Variable size fields seem like they could cause performance issue.
For the sake of being concrete, let's assume we're using a relational database. Suppose a relation has a variable length text field. What happens if an update to a tuple in the relation increases the variable length field's size? An in-line record edit (i.e. editing the file containing the record in-line) would require shuffling around the other tuples residing on the same physical page -- potentially kicking some out.
I understand that different DBMSs handle this differently, but I'm curious what some of the common practices are for this. It seems to me that the best way to do this would be to simply mark the existing tuple as deleted and create a whole new tuple.
"It depends". Each implementation is different and practically warrants its own small book. (I should really be close-voting this question not answering it, but I figure I'll try to help and I can't make this short enough for a comment).
For PostgreSQL, read the developer documentation about DB storage and VARLENA, storage classes and TOAST, as well as the manual section on MVCC and concurrency control. For more info, start reading the code, many of the key headers and source files have good detailed comments that explain the low level operation.
The condensed version, which you may have to read the above-mentioned resources to understand:
PostgreSQL never overwrites a tuple during an update. It always writes it to a new location. If the location is on the same physical page and there are no indexes changed it avoids index updates, but it'll always do a heap write of a new tuple. It sets the xmax value of the old tuple and the xmin of the new one so that a transaction can only ever see one or the other. See the concurrency and mvcc docs for the gory details.
Variable length values may be stored inline or out-of-line (TOAST). If it's stored inline in the tuple on the heap, which is the default for small values, then when you update the record (whether you update that field or some other) the data gets copied to a new tuple, just like fixed length data does. If it's stored out-of-line in a TOAST side-table then if it's unmodified a pointer to it is copied but the value its self isn't. If it's stored out-of-line and modified then a new record is written to the TOAST table for that value and a new pointer to it is stored in the newly saved heap tuple for the new value.

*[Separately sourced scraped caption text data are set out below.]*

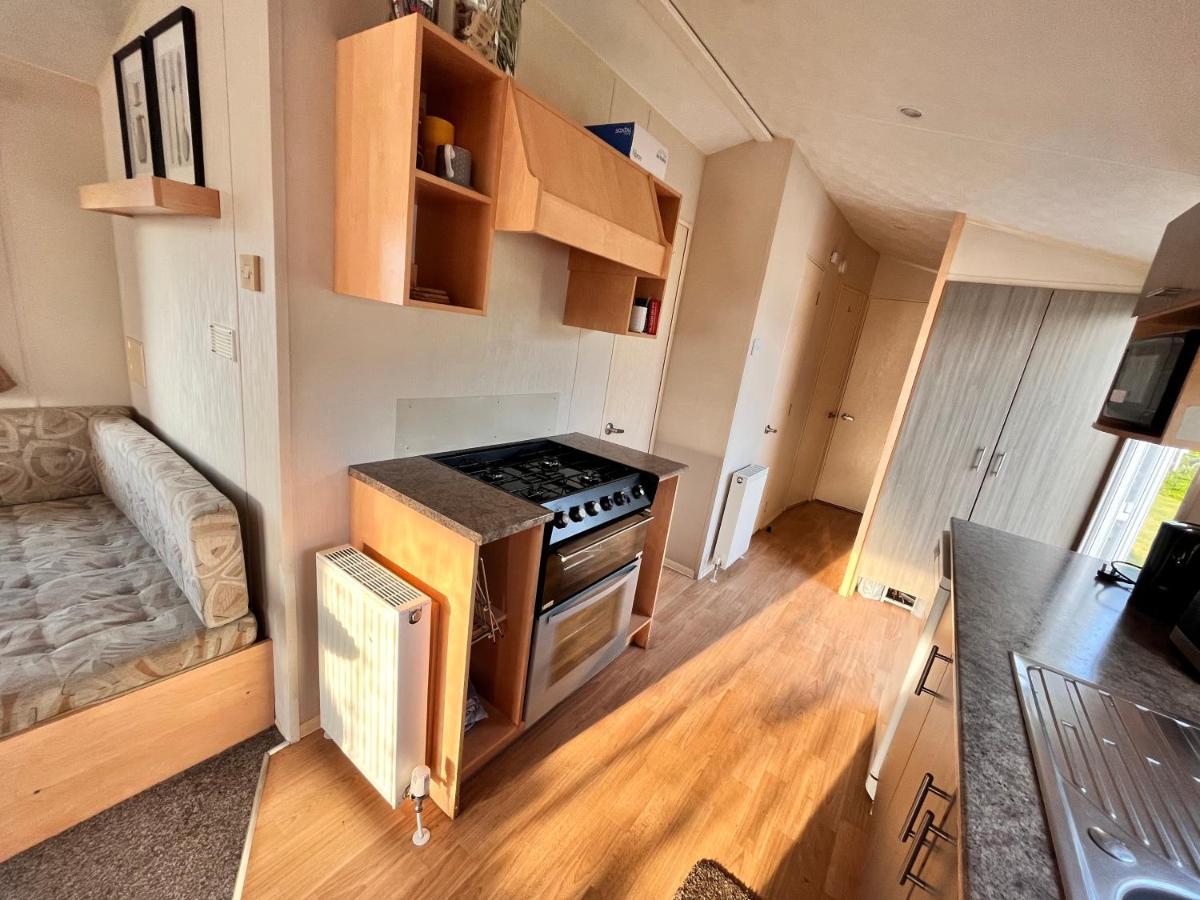 Lola'S Caravan. Your Home Away From Home. Parkeston Екстериор снимка
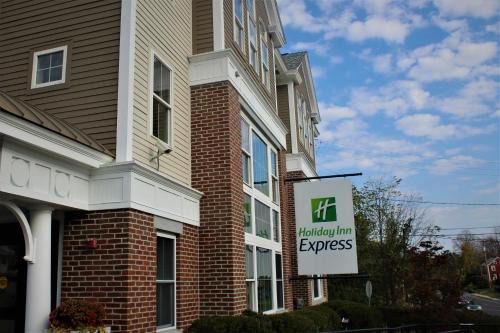 Lee Hotel | Holiday Inn Express Durham-UNH by IHG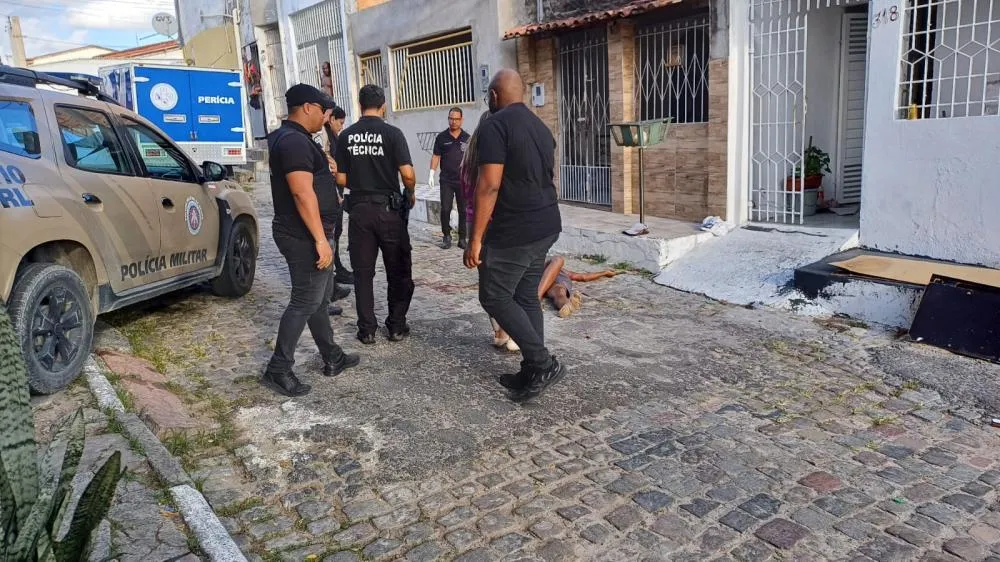 Aposentado é assassinado a tiros próximo de casa em Feira de Santana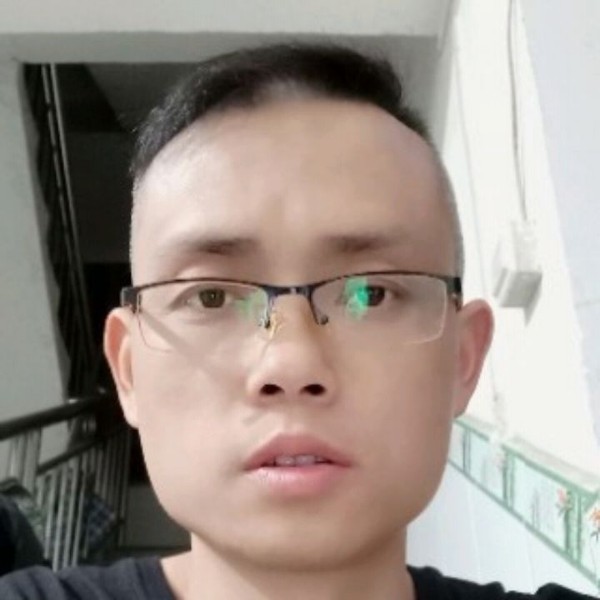调皮苦恋大炮的照片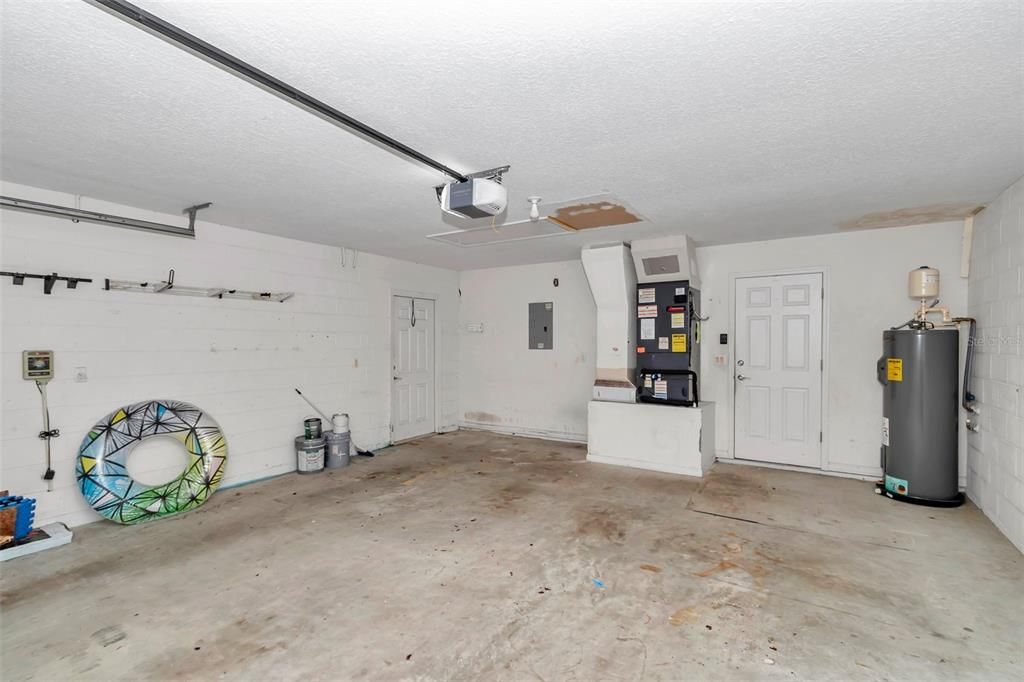 En Venta: $390,000 (3 camas, 3 baños, 2314 Pies cuadrados)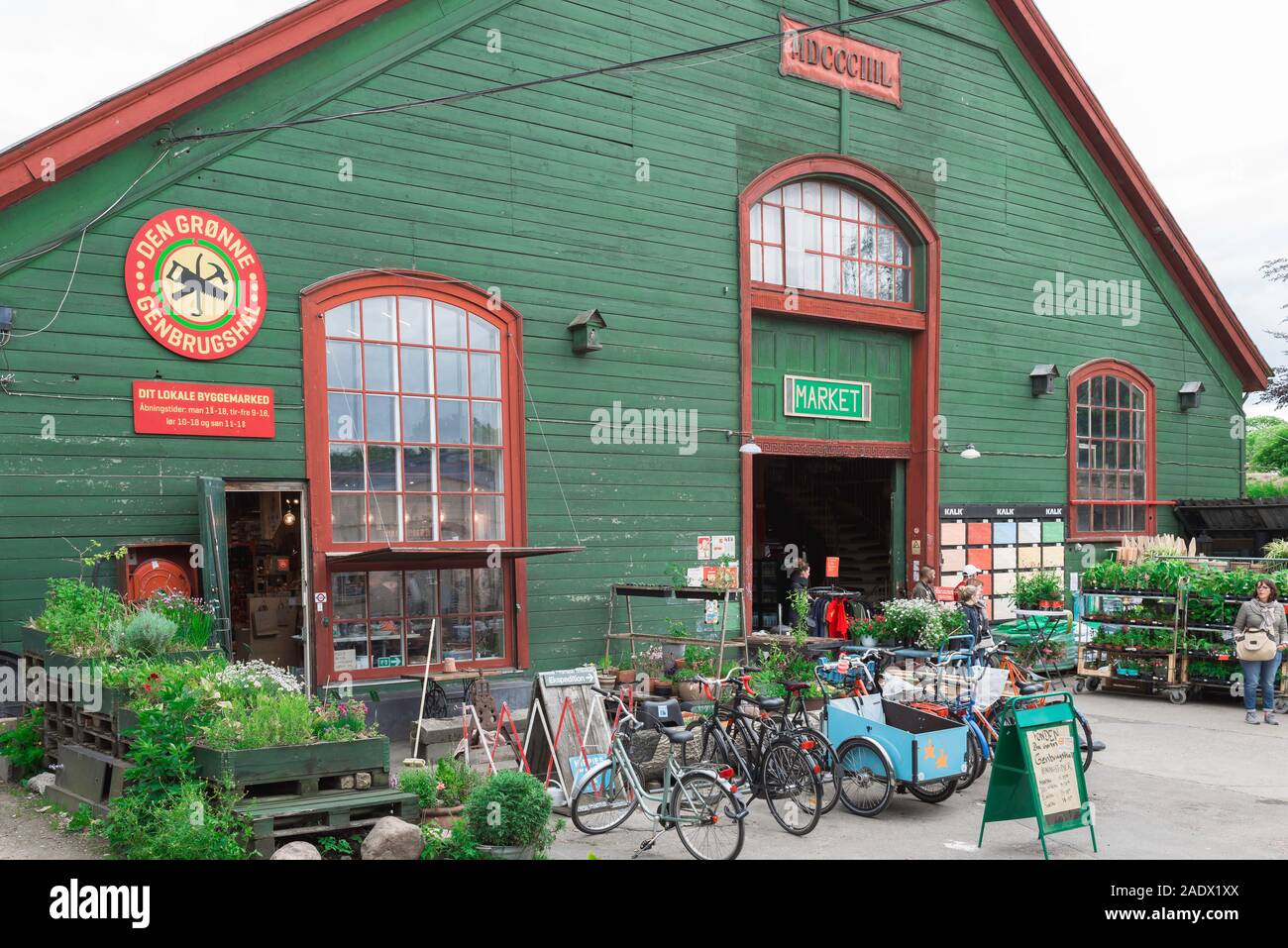 Christiania Copenhague, vue d'un magasin de vente de plantes et d'herbes dans la région de Freetown alternative de Christiania, Copenhague, Danemark. Banque D'Images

Later on, VACUUM comes along and marks obsolete tuples, freeing space and allowing them to be overwritten.
Because PostgreSQL must retain the old data to be visible to old transactions it can never do an in-place modification.
In theory it'd be possible to put the old data somewhere else and then overwrite it - that's what Oracle does, with its undo and redo logs - but that's not what PostgreSQL does. Doing that introduces different complexities and trade-offs, solving problems and creating others.

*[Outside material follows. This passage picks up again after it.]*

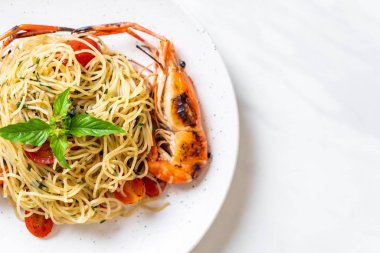 ızgara karides ve domates - İtalyan Füzyon gıda tarzı ile tavada kızartılmış spagetti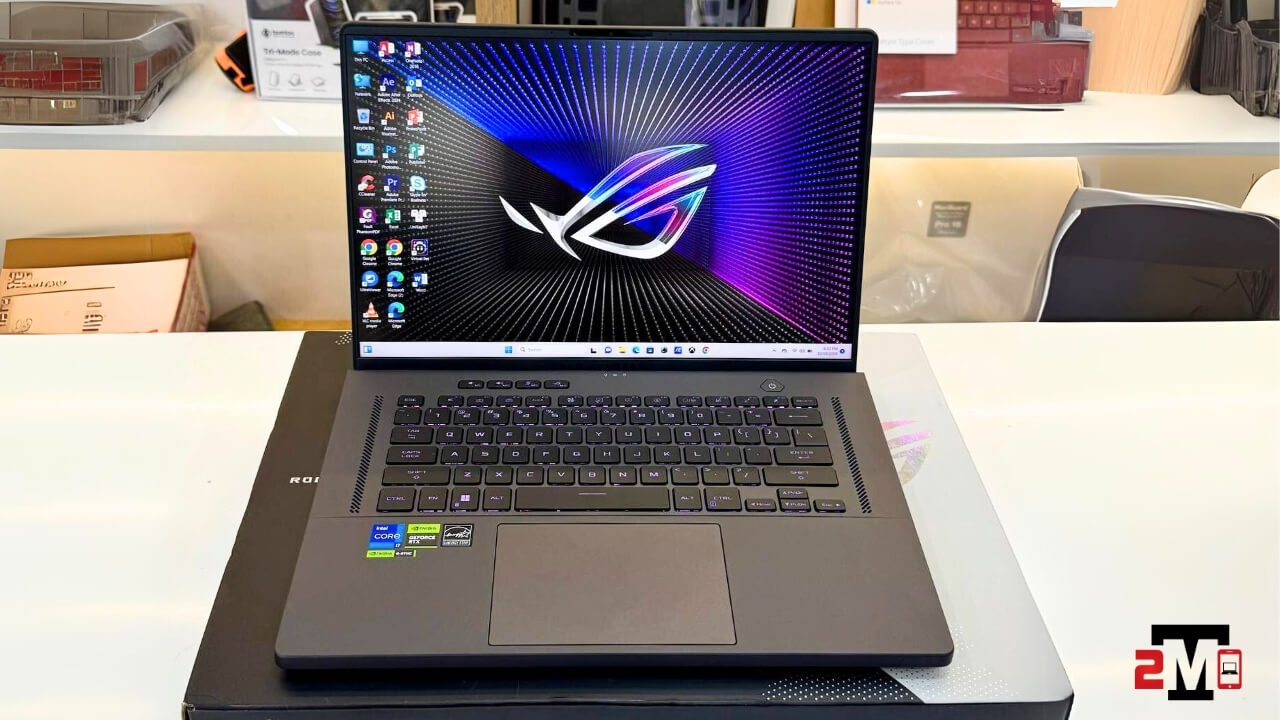 Thiết kế màn hình của ROG Zephyrus G16 2023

(The only exception to the no-overwrite rule is pg_largeobject, which uses a sort of slice based copy-on-write to allow transactional updates to big file-like chunks of data without copying the whole file. Oh, and you could argue that SEQUENCEs get overwritten too. Also some full-table-lock operations.)

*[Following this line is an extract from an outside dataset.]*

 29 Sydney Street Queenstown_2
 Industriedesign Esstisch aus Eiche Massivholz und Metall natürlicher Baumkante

Other RDBMses work in different ways. Some even support multiple modes. MySQL for example uses MyISAM tables (in-place writes, AFAIK) and InnoDB (MVCC copy-on-write). Oracle has the undo and redo logs - it copies the old data to out-of-line storage then does an in-place update. Other DBMSes are no doubt different again.
For PostgreSQL, there is some information about that in http://www.postgresql.org/docs/9.3/static/datatype-character.html:
Tip: There is no performance difference among these three types [varchar(n)/character varying(n), char(n)/charachter(n), text], apart from increased storage space when using the blank-padded type, and a few extra CPU cycles to check the length when storing into a length-constrained column. While character(n) has performance advantages in some other database systems, there is no such advantage in PostgreSQL; in fact character(n) is usually the slowest of the three because of its additional storage costs. In most situations text or character varying should be used instead.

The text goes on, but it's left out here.